Grant waved her in and Ellie shut the car off quickly.
“Call 9-1-1. Tell them to send an ambulance and the police. Greg’s unconscious and bleeding,” he told her as soon as she was in earshot. His voice was calm, showing no hint of the panic she was feeling at hearing his words. “I’m going to try to stop the bleeding. Do you have a tampon?”
For a second, her mind went blank, wondering why he thought Greg had his period, then she remembered reading something about tamp
ons being used for trauma dressings. “Hold on, I have some in my car.”
She hurried to the trunk and fumbled around until she found the right key to get it open. She had an emergency bag of feminine supplies in case she got caught unprepared. Her periods were so irregular, it wasn’t uncommon for her monthly to come days after or before she expected it. She grabbed the first aid kit as well but wasn’t sure how much good it would do.
“Here, there’s tampons and my first aid kit. I don’t know what you need.”

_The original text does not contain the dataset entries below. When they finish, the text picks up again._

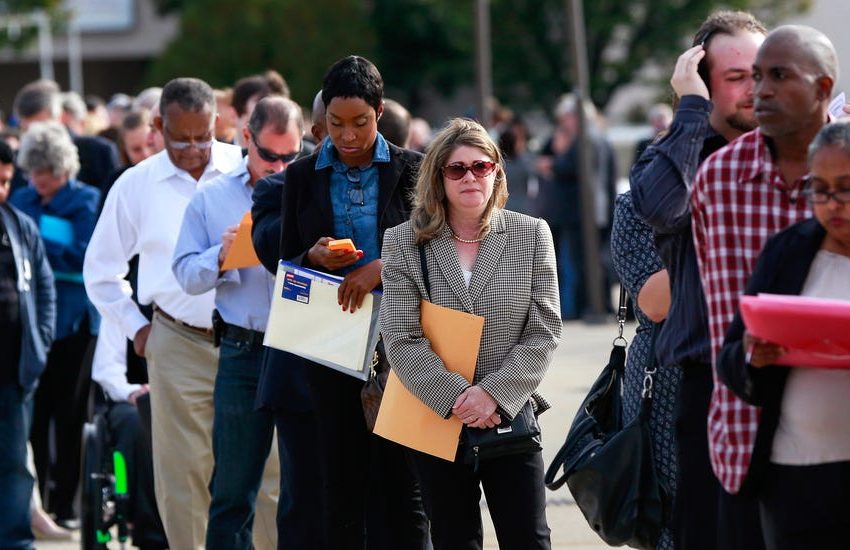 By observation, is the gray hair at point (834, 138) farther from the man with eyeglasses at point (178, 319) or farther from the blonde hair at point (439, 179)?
the man with eyeglasses at point (178, 319)

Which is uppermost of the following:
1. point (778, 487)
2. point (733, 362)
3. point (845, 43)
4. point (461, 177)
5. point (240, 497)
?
point (845, 43)

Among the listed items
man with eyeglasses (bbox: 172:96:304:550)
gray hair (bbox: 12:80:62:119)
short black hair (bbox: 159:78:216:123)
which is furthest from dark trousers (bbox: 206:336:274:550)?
gray hair (bbox: 12:80:62:119)

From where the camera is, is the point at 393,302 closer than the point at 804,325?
No

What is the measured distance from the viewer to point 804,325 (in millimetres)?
3443

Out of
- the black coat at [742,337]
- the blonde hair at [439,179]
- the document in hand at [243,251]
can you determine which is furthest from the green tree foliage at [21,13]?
the black coat at [742,337]

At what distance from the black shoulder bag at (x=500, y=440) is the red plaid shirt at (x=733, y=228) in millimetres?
1163

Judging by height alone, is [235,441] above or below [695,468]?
below

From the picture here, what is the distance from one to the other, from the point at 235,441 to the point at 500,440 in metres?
1.60

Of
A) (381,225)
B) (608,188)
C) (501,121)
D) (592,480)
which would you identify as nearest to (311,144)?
(381,225)

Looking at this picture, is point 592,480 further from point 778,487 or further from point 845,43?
point 845,43

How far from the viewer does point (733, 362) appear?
12.1 ft

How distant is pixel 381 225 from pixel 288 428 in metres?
0.82

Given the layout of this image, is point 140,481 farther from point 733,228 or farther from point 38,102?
point 38,102

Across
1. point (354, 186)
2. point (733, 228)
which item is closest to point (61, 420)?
point (354, 186) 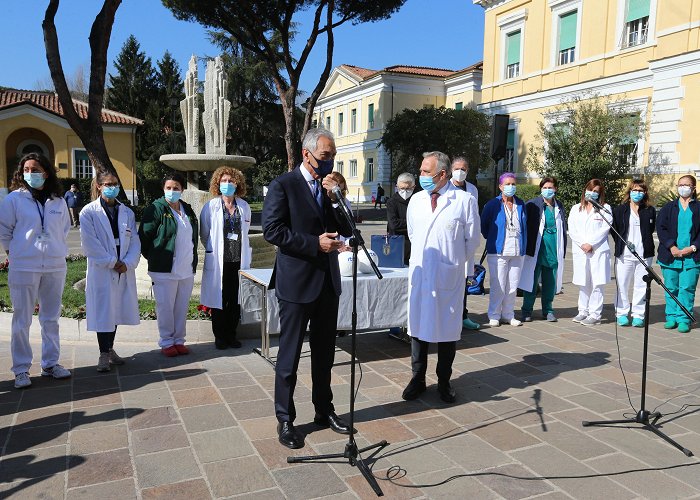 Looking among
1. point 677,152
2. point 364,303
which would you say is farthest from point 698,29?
point 364,303

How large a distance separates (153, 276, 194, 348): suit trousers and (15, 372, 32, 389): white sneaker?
1275 mm

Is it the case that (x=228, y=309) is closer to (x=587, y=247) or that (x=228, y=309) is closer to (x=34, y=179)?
(x=34, y=179)

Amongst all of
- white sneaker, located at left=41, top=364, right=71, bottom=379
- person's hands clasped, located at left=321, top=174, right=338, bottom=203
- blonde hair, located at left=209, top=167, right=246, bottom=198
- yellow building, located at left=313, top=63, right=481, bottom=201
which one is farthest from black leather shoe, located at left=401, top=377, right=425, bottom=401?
yellow building, located at left=313, top=63, right=481, bottom=201

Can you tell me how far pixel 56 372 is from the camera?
4.98 metres

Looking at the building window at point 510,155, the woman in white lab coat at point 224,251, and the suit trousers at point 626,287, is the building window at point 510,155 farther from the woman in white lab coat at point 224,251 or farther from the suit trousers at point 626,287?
the woman in white lab coat at point 224,251

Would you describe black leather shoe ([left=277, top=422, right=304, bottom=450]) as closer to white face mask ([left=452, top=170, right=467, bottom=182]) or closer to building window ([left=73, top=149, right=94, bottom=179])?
white face mask ([left=452, top=170, right=467, bottom=182])

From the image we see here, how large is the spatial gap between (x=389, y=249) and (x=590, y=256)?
9.48 feet

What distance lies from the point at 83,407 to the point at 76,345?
201 cm

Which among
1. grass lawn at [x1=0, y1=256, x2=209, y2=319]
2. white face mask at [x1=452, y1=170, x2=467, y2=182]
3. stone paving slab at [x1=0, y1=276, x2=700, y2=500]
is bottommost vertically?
stone paving slab at [x1=0, y1=276, x2=700, y2=500]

“This will do,” he said and pulled on the latex gloves from the kit. “Go around front so you can direct the ambulance back here.”
Crap! She hadn’t called 9-1-1 yet. She dialed the number as she rushed around the building. There was no way she was going through the store as she really didn’t want to see what Grant was so carefully shielding her from with his body. If he thought she shouldn’t go into the office, she’d trust him.
The dispatcher asked her endless questions, most of which she couldn’t answer, before advising her to stay on the line in case the ambulance personnel needed directing. Ellie’s mind raced as she tried to imagine what was happening in the office. Who would hurt Greg? Was he beaten? Shot? Stabbed? All Grant had said was he was unconscious and bleeding. That could mean anything. Maybe he’d tripped and hit his head on the corner of the desk?
Somehow she didn’t think Grant would have told her to send for the police for an accident. It felt like eons before she heard the sirens and saw the flashing lights of first the police car and then the ambulance. She pointed them to the back alley and followed closely behind.
Grant leaned out the office door and waved them inside. His gloved hand was covered with blood and there were dark red splotches on his T-shirt. Ellie’s head swam and she felt lightheaded.
You absolutely will not faint. Breathe, you idiot.
She crossed carefully behind the police cruiser and made her way to her car. If she was going to pass out, she wanted to at least be sitting first. Watching the scene through the windshield created a little bit of mental distance and she felt the grayness receding. Grant clearly had the situation under control. He stepped out of the way so the EMTs could get into the tiny office and went over to the police officer.